Here's to a new adventure.  After all, life moves pretty fast.

Life moves pretty fast...

I love that movie, Ferris Bueller's Day Off.  I'd like to stop the world for a day and have adventures.  But for this season of life, it's not usually possible.  As you may have noticed, I started this project MONTHS ago, and have yet to post my first time.  I will admit that part of it is intimidation: what in the WORLD do I say for my first post?  I want to be witty, I want to be funny, I want people to read what I write.  I want people to get to know me.  Call it writer's block, I guess.  Today, when there are no lunches to make for my family, I will just take the plunge.

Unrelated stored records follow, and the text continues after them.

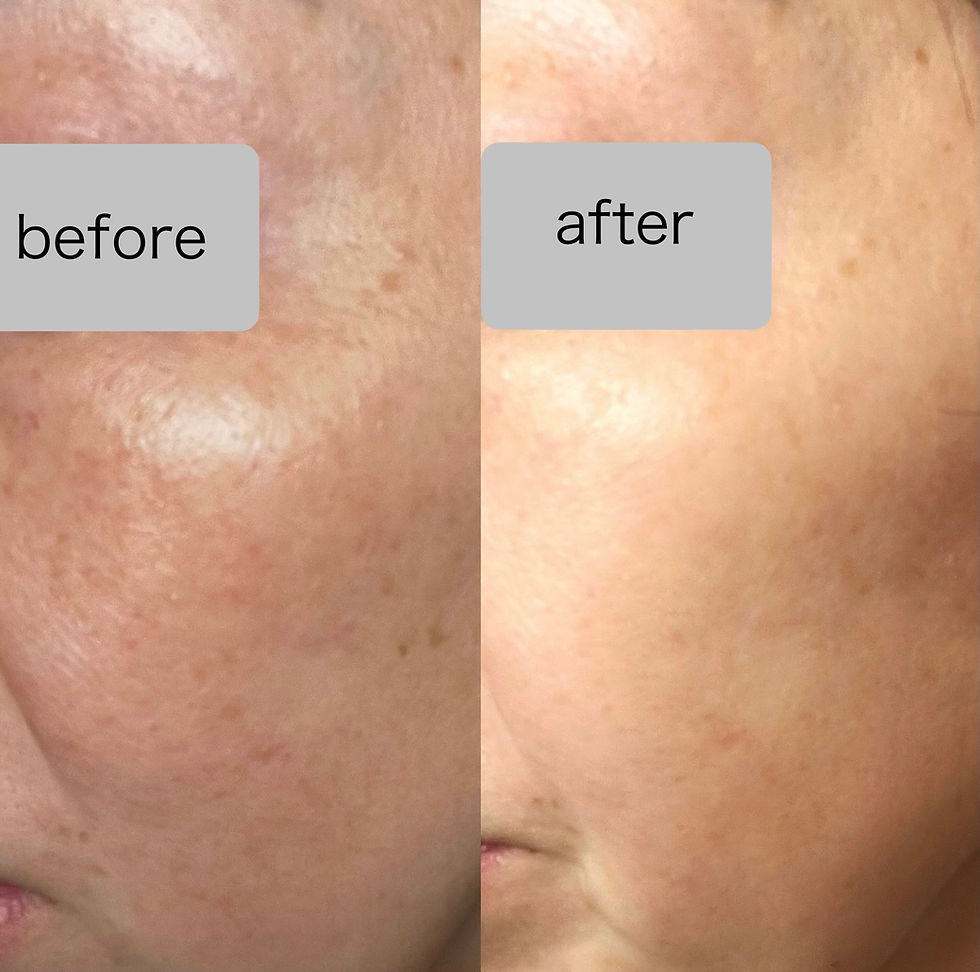 集中ケアコース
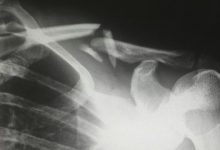 Photo of What Types of Injuries May Support a Personal Injury Settlement?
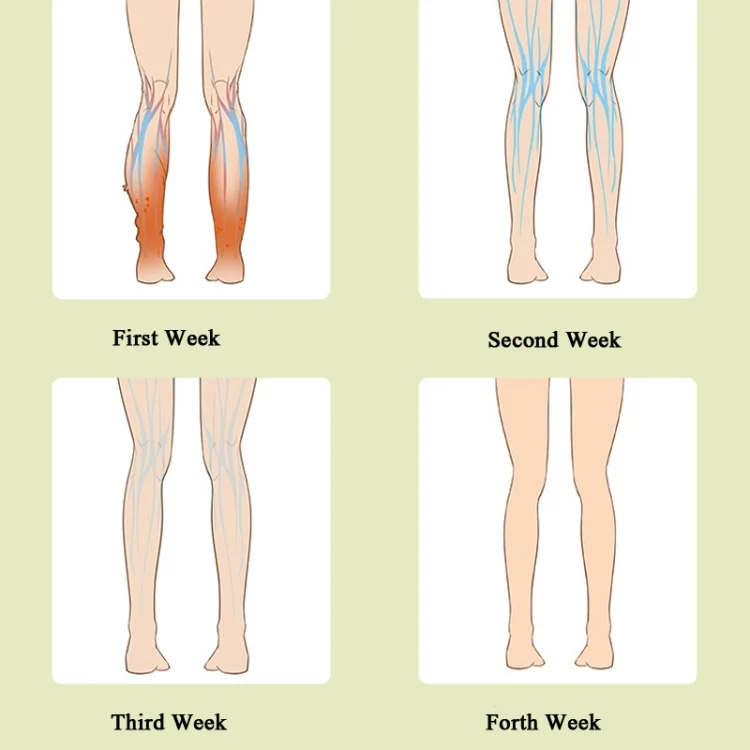 TBD0571989101_B4.webp Leg Massager Calf Air Wave Massager Household Varicose Vein Physiotherapy Device - Image 5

HI.  Let me introduce my family.  My oldest son is 12.  I will call him Diamond for now.  He doesn't want me to use his name, so we'll go with his video game handle.  It's an appropriate nick-name, since video games are his passion at this stage in his life.  He is my "boy who lived".  It's a special name I call him in tender moments.  You see, both my children are absolute miracles.  I lost 3 babies along the way, and Diamond was born with an apgar of 1.  He was in NICU for 5 agonizing days.  And now he gets practically straight A's, is athletic, and funny, does all the dishes for me (I'm partially handicapped, but that's for another post).  And they said he'd probably have permanent effects from the lack of oxygen during his delivery.  (Without gory details, it was not Caesarean birth, but I was catheterized and in a wheel chair for 3 days after...)(Ok, that was gory...but this is my blog and I suppose that will happen from time to time: the raw truth, as opposed to the "talking about it in public" version that my engineer husband prefers that I use for all topics.  He's shy.  I'm Swedish.
My youngest we'll call YellowBoy.  His favorite color is yellow.  And I'm not talking a favorite color as in a preference.  But yellow as a life obsession.  It's easy to spot his laundry: it's 85% yellow.  His room is Wendy's cup yellow.  If I'm pouring drinks, he needs the yellow cup.  He bought yellow duct tape and makes yellow weapons out of cardboard and said tape.  He thinks all the yellow flowers in my flower bed are "his".  He's 9.  He's creative, and loves acting, and has the sweetest, most tender heart of anyone I've met.  He makes friends easily, but gets hurt easily.  He's eager to please, and does his best to keep up with Diamond.  He does the laundry.  Did I mention he's NINE?
Hubby.  What to nickname him?  Sometimes it's SpongeBob GrumpyPants.  Sometimes it's Most Lovey Man on the Planet.  Let's call him The Engineer for now.  He's an electical engineer for the company that hired him fresh out college.  He's also got his own company that tinkers with cutting edge technology in lighting.  (Hasn't sold anything in a while...but loves to invent and build things.)  He's into gardening, alternate energy, cooking, being  a pack rat, and he's building an electic car in my garage.